Jauh sebelum adanya Pemilu di hari ini, pada pertengahan abad ke 4 SM, Teater Aristotelian oleh Aristoteles menggembori persoalan karakter tokoh yang tragis. 


Di bukunya dengan judul The Poetics membeberkan bahwa tokoh tragis itu harus menjadi baik dalam cerita. Harus melibatkan perubahan. Jadi maksudnya? bukan nasib buruk menjadi baik, tetapi nasib baik menjadi buruk. Bukan karena kejahatan dari tokoh, melainkan suatu kesalahan cuil yang berakhir menjadi nasib buruk tokoh. Tujuannya adalah untuk membantu rasa simpati, rasa kasihan dan sekaligus rasa takut kepada penonton, sampai mereka betul-betul menemukan pengakuan sendiri terhadap tokoh itu (baik atau jahat). Tahan dulu.


Jika ada grup yang memungkinkan seniman membuat teater dan ikut andil dalam pemilu, maka dengan metode exit poll bisa dipastikan orang-orang tidak akan mampu bersedia membeli tiket untuk itu. Atau bukan tidak mampu, tapi memang tidak berminat sama sekali. Atau bukan tidak berminat, memang orang-orang sedang sibuk dengan teater yang sedang berlangsung saat ini. Sudah berlangsung bertahun-tahun barangkali. Uniknya, para seniman merasa tidak ada keunikan sama sekali. Pergerakannya esek-esek, tidak menyentuh, dan tidak bergairah. Belum selesai seorang seniman digontor dengan kemiskinan, malah ditambah dengan perpecahan-perpecahan drama Netflix dan Korea. Mungkin karena meta di era reformasi masih membuat seseorang-seseorang tersanjung. 
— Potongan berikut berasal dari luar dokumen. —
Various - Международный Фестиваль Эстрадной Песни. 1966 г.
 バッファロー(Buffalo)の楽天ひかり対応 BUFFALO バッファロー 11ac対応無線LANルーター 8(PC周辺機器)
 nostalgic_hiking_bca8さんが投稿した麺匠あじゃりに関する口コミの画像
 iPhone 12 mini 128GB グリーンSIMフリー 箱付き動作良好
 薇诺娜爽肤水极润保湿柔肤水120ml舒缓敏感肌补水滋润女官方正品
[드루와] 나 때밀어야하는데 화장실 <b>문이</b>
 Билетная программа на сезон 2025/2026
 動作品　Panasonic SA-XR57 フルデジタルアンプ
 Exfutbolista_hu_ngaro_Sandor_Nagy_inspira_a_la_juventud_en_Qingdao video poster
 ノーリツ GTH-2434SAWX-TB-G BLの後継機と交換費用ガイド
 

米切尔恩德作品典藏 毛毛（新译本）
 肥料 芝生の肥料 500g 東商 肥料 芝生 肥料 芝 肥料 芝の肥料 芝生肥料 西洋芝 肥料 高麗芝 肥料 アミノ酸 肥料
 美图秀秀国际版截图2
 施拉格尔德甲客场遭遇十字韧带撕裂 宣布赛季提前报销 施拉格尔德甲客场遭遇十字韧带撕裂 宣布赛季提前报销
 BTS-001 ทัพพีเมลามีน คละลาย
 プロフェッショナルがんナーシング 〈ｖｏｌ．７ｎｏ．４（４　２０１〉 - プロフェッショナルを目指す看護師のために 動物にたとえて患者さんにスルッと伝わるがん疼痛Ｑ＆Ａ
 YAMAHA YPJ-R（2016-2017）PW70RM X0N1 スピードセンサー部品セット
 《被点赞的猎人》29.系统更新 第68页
Kembali ke tokoh tragis, di tahun 1974 dalam teater kaum tertindas, Augusto Boal tampaknya tidak senang dengan premis “baik menjadi jahat atau sebaliknya diakhir kisah”. Dia membela aktor dan penonton. Sangat tragis katanya, Aristoteles harus membayar banyak dari konflik itu. Mengubah aktor dan penonton yang menganut paham tersebut menjadi primitif kembali. Anti social. Alasan yang sangat sederhana sebetulnya, mungkin karena aktor banyak ditentang secara sosial oleh penonton jika telah selesai tampil dan berhasil memerankan tokoh tragis itu. Apa mungkin Boal meminta bayaran juga kepada Aristoteles terhadap fenomena sosial yang dialami Indonesia saat ini? 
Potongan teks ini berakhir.